The -I option should point to the location where the openssl folder is located.

Answered by Borealid

Solution #3

As a solution to the cited task, use the snippet below;

yum install openssl
yum install openssl-devel

On CentOS 5.4, keepalived version 1.2.7, it was tested and found to be effective.

Answered by user2317002

Solution #4

The library path (-L/usr/local/lib/) must be included.

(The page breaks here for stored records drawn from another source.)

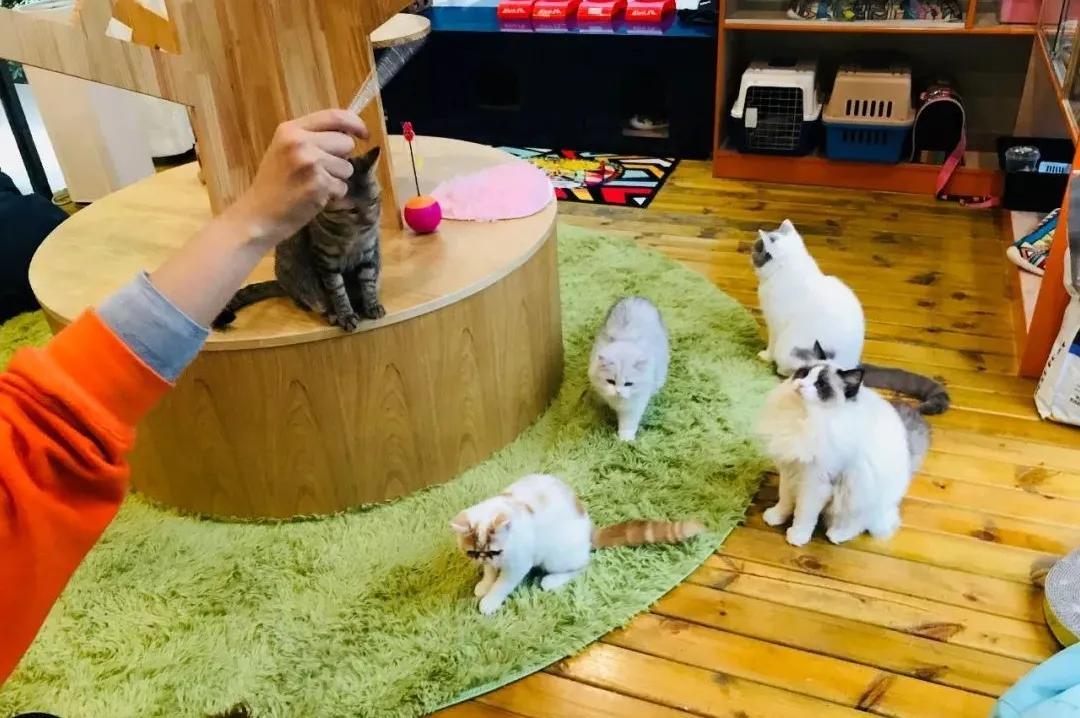 猫咪和孩子愉快玩耍,猫咪一天玩耍的时间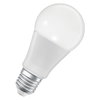 SMART+ ZIGBEE Tunable White Classic A60 9W E27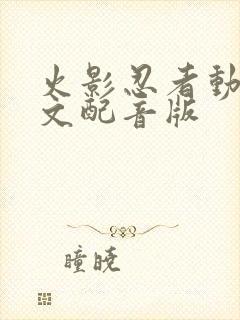 火影忍者动漫中文配音版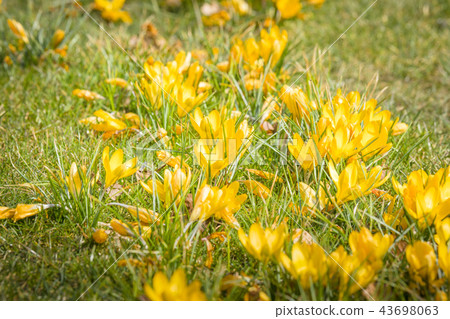 Springtime crocus flowers in yellow colors Springtime crocus flowers in yellow colors 43698063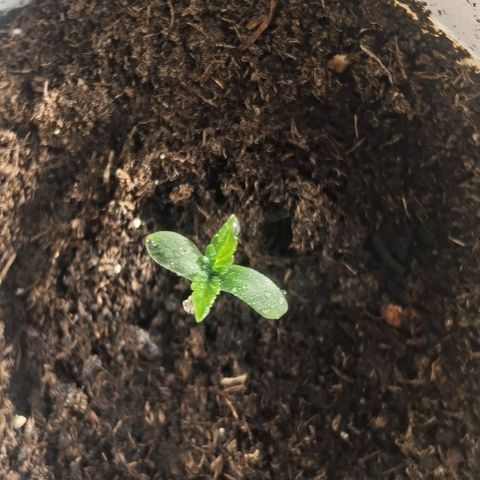 Purple punch growlog photo: Fan leaves growing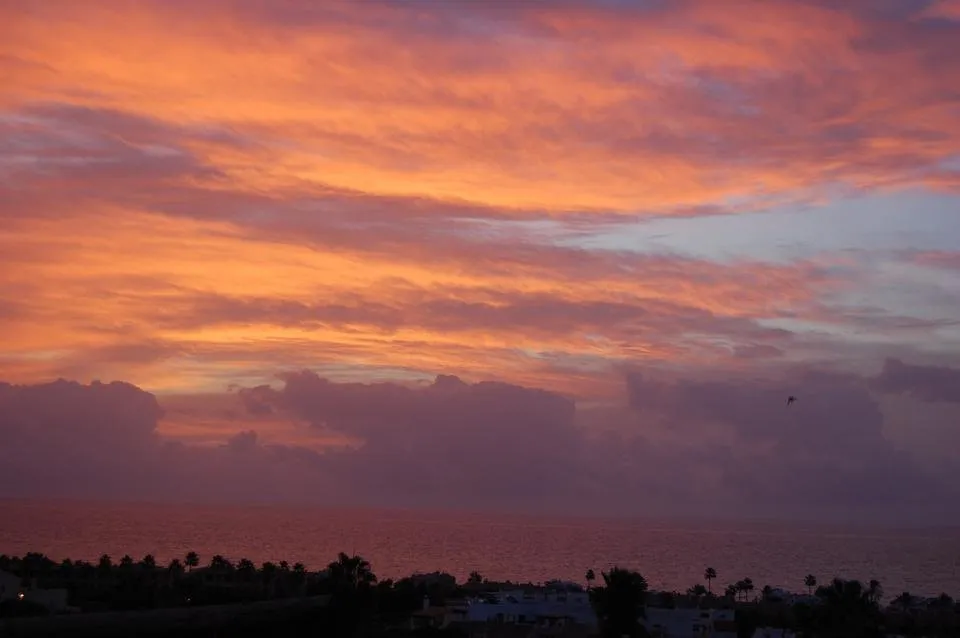 DSC_0244.JPG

gcc -o Opentest gcc -o Opentest gcc -o -L/usr/local/lib/ -lssl -lcrypto Opentest.c

It seems to work for me.

Answered by Jeff Pal

Solution #5

If the OpenSSL headers are in the current directory’s openssl subdirectory, run:

gcc -I. -o Opentest Opentest.c -lcrypto

From the “.” in the -I option and the name supplied in angle brackets, the pre-processor attempts to produce a name such as “./openssl/ssl.h.” You might not have needed to ask the question if you had specified the names in double quotes (#include “openssl/ssl.h”); the Unix compiler searches for headers enclosed in double quotes in the current directory automatically, but not for headers enclosed in angle brackets (#include “openssl/ssl.h>). It is behavior that is defined by the implementation.

You don’t specify the location of the OpenSSL libraries; you may need to add an appropriate option and argument, such as ‘-L /opt/openssl/lib’.